### Given information
======

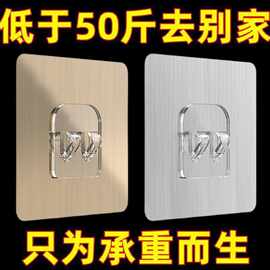 免打孔挂钩粘钩无痕贴铁架吹风机安装壁挂浴室置物架爪扣粘钩片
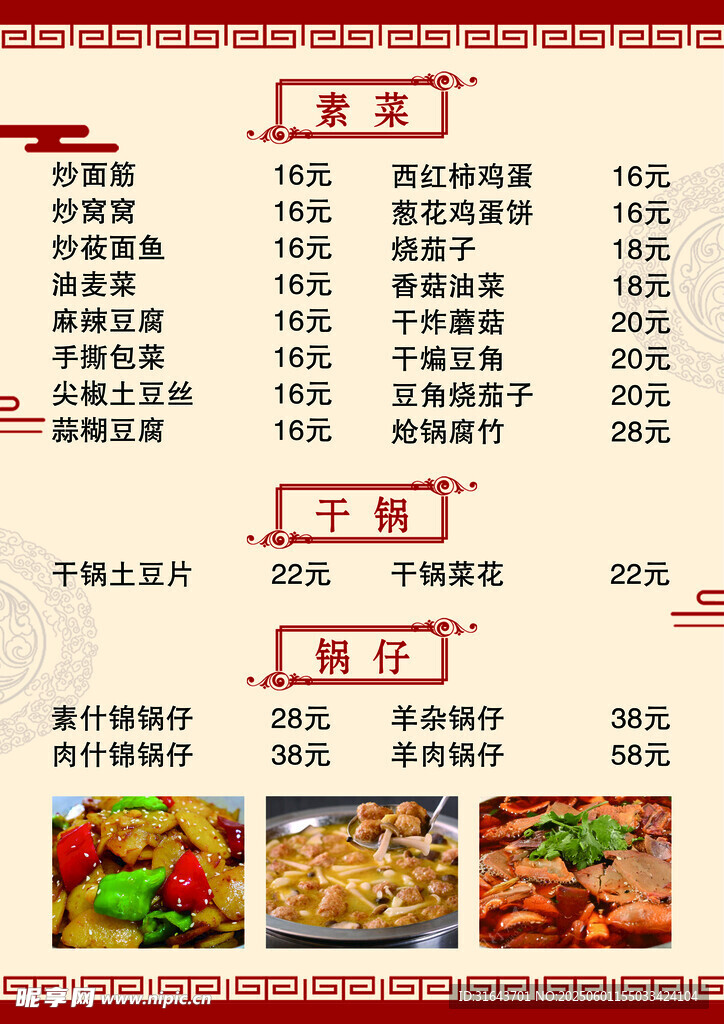 中式餐厅菜单展示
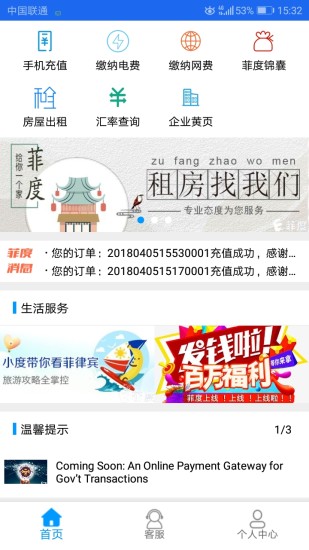 菲度手机版 v1.6.1 安卓版0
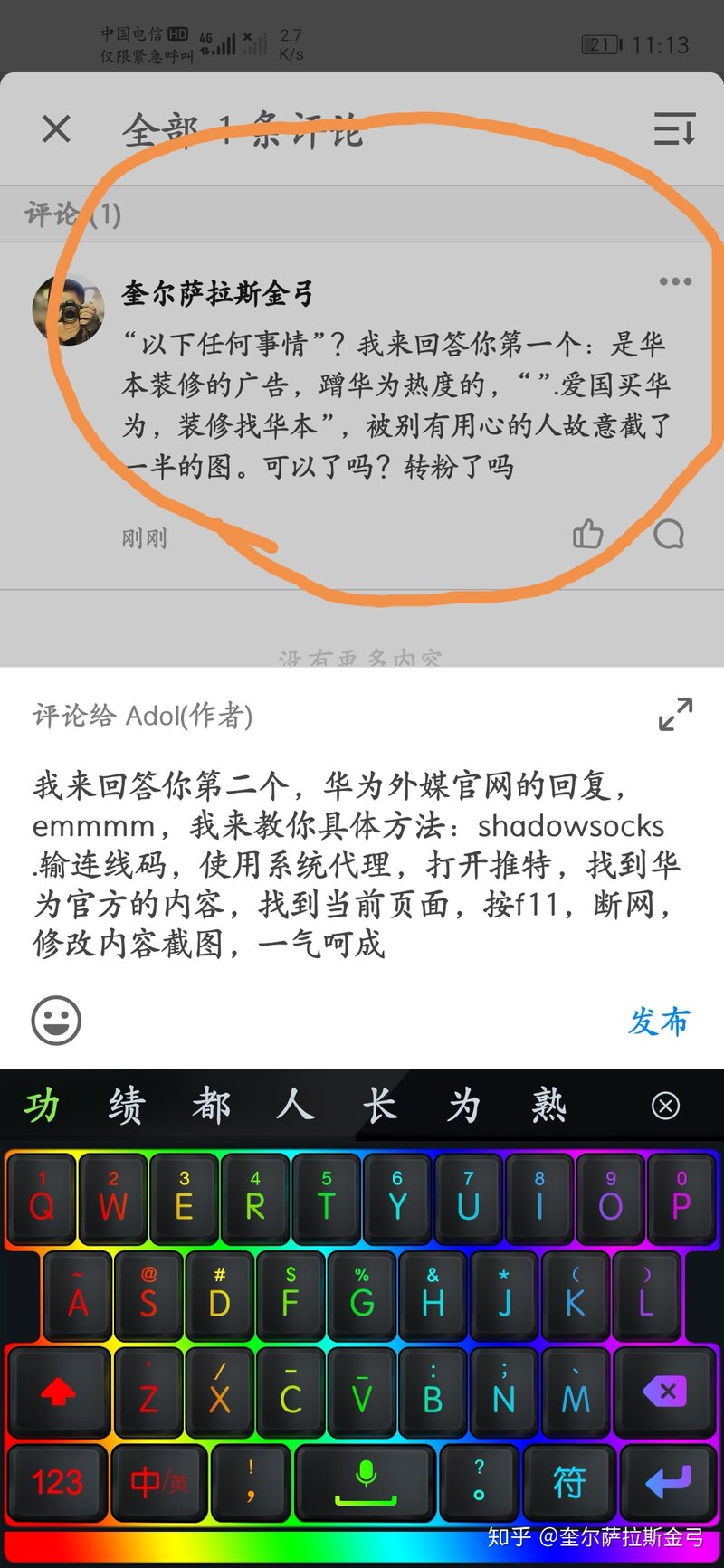 我真诚的问，为什么有那么多人黑华为？-3.jpg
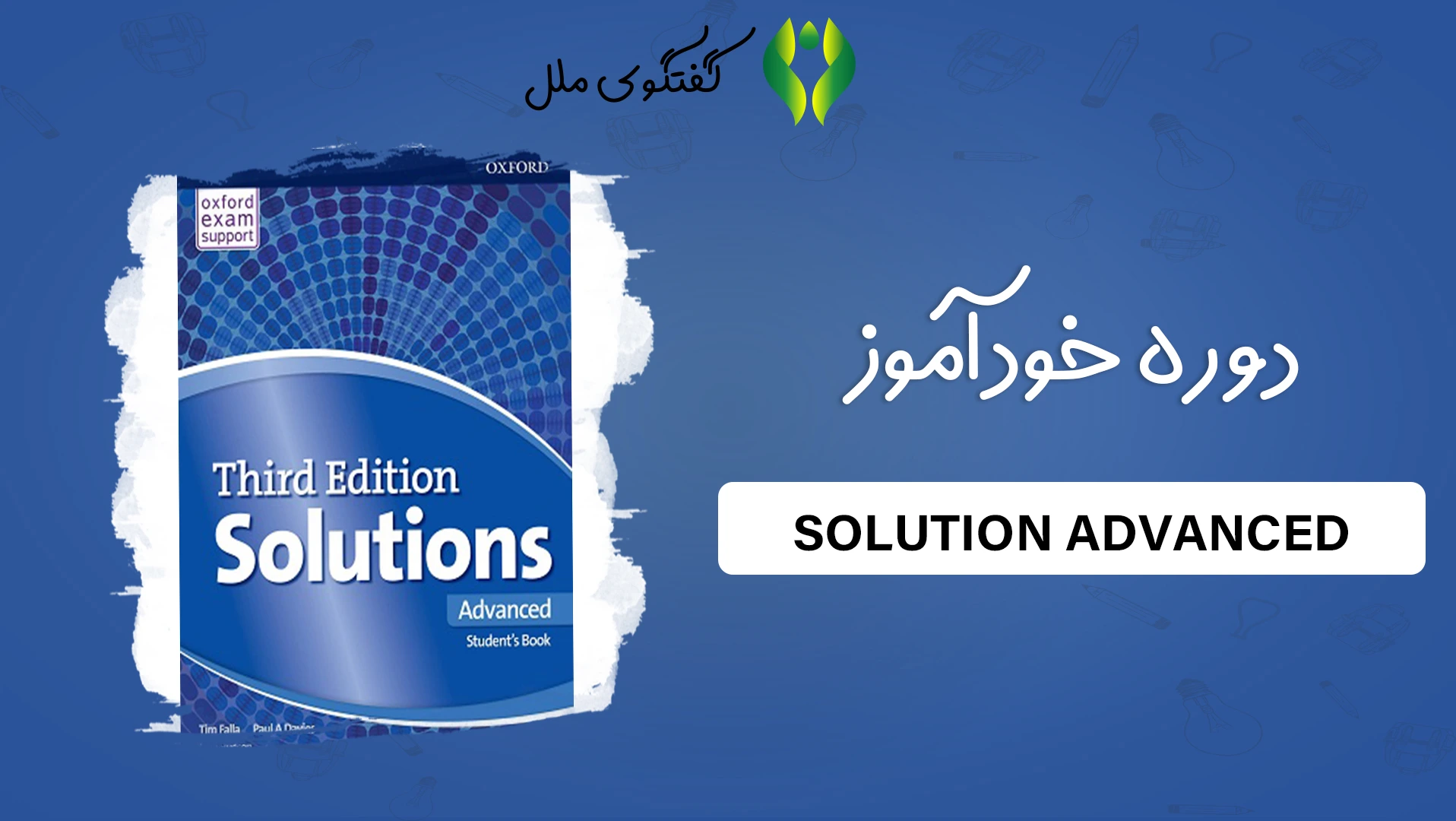 solutionadvanced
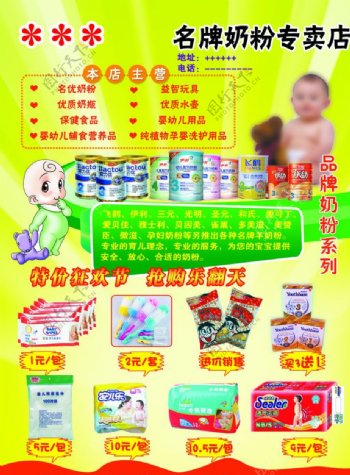 孕婴奶粉宣传单图片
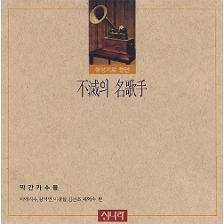 song-img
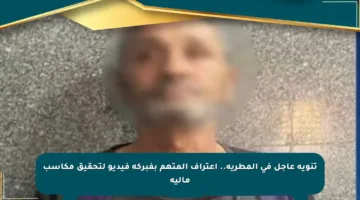 تنويه عاجل في المطرية.. اعتراف المتهم بفبركة فيديو لتحقيق مكاسب مالية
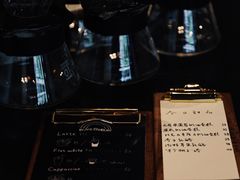 -black rainbow coffee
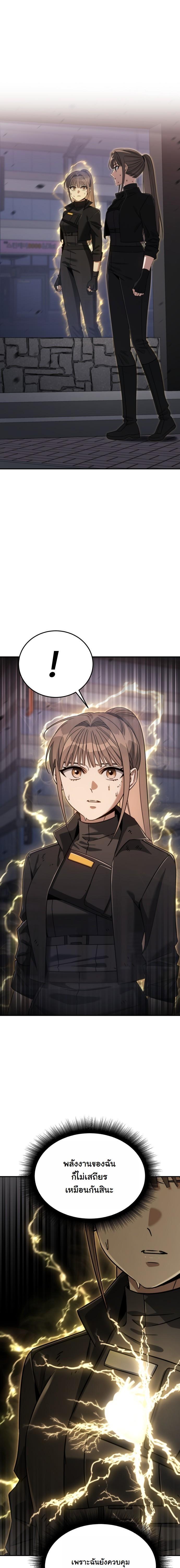 Manga-lc-com อ่านมังงะ อ่านการ์ตูน ออนไลน์ ฟรี The Hunter Lives in a Rented Apartment ตอนที่ 1 2 3 4 5 6 7 8 9 10 11 12 13 14 ฟรี ไม่มีโฆษณา Manga-lc - อ่าน มังงะ อ่าน การ์ตูน ออนไลน์ อ่านมังงะ ฟรี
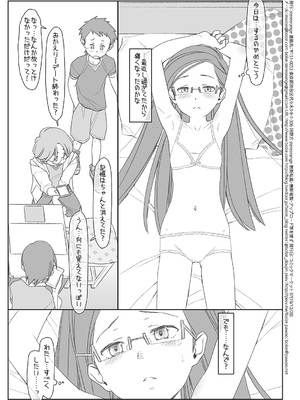 [stereorange (○蜜柑)] ぼくたちのスーパーアプリ 1~4 [DL版]_053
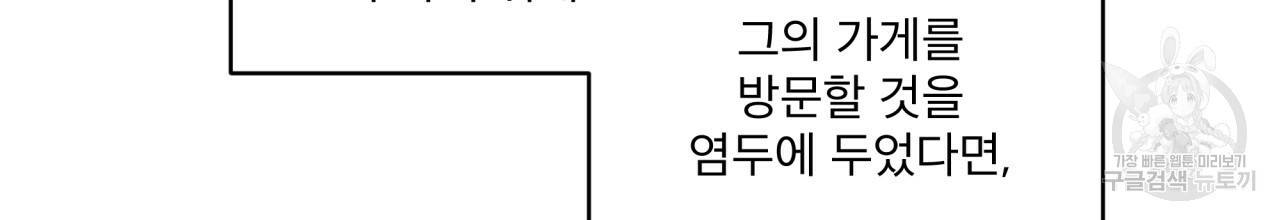 나이트 오브 런던 6화 22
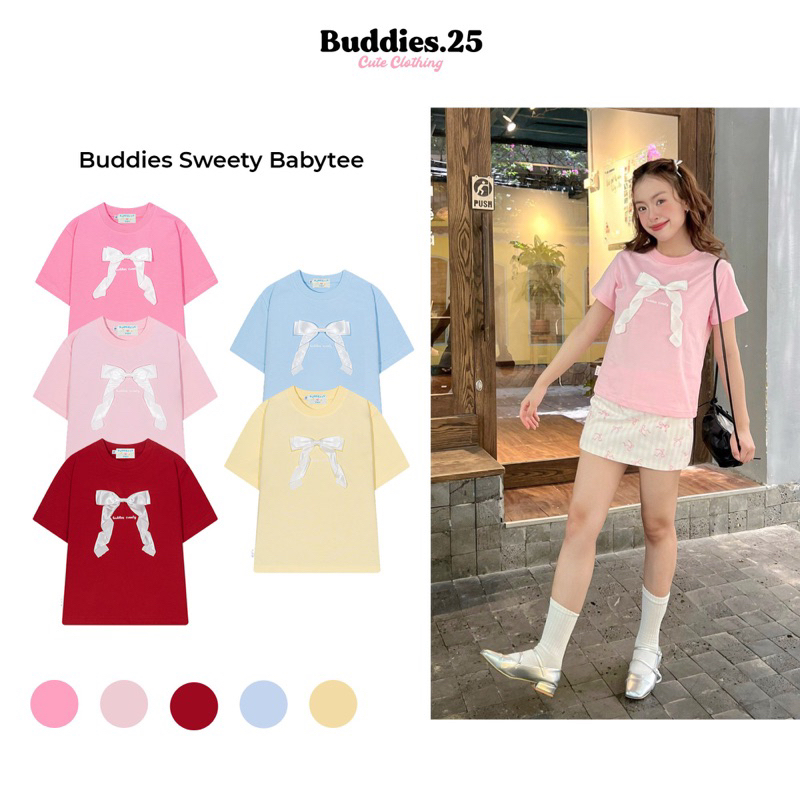 Sweety Buddies | Baby Tee with Sweet Buddies Bow on the Chest สวยน่ารักสุดๆ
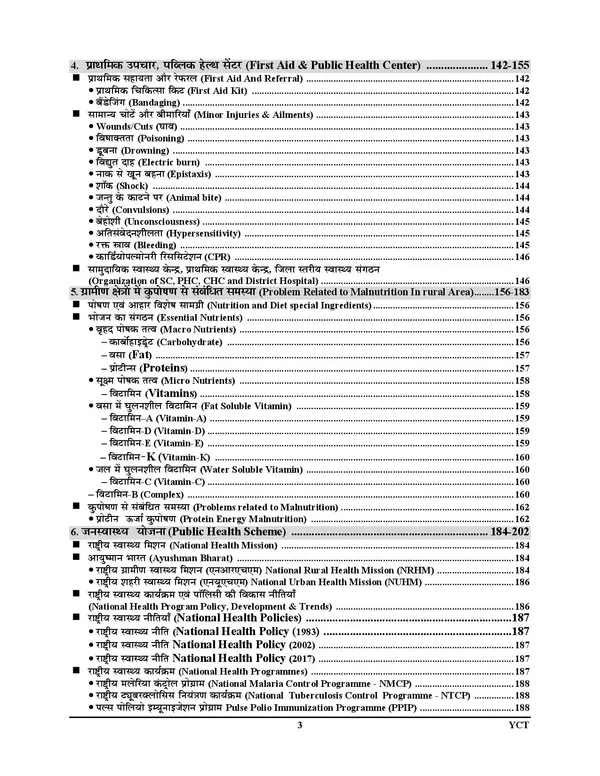 UPPSC_HEO_Solved_&_Study_Material_Objective_Question_Theory_+_MCQ's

======

### What to produce
The aim is an exact repeat of the entire listing, stripped of pictures.

### Solved problem
 免打孔挂钩粘钩无痕贴铁架吹风机安装壁挂浴室置物架爪扣粘钩片
 中式餐厅菜单展示
 菲度手机版 v1.6.1 安卓版0
 我真诚的问，为什么有那么多人黑华为？-3.jpg
 solutionadvanced
 孕婴奶粉宣传单图片
 song-img
 تنويه عاجل في المطرية.. اعتراف المتهم بفبركة فيديو لتحقيق مكاسب مالية
 -black rainbow coffee
 Manga-lc-com อ่านมังงะ อ่านการ์ตูน ออนไลน์ ฟรี The Hunter Lives in a Rented Apartment ตอนที่ 1 2 3 4 5 6 7 8 9 10 11 12 13 14 ฟรี ไม่มีโฆษณา Manga-lc - อ่าน มังงะ อ่าน การ์ตูน ออนไลน์ อ่านมังงะ ฟรี
 [stereorange (○蜜柑)] ぼくたちのスーパーアプリ 1~4 [DL版]_053
 나이트 오브 런던 6화 22
 Sweety Buddies | Baby Tee with Sweet Buddies Bow on the Chest สวยน่ารักสุดๆ
 UPPSC_HEO_Solved_&_Study_Material_Objective_Question_Theory_+_MCQ's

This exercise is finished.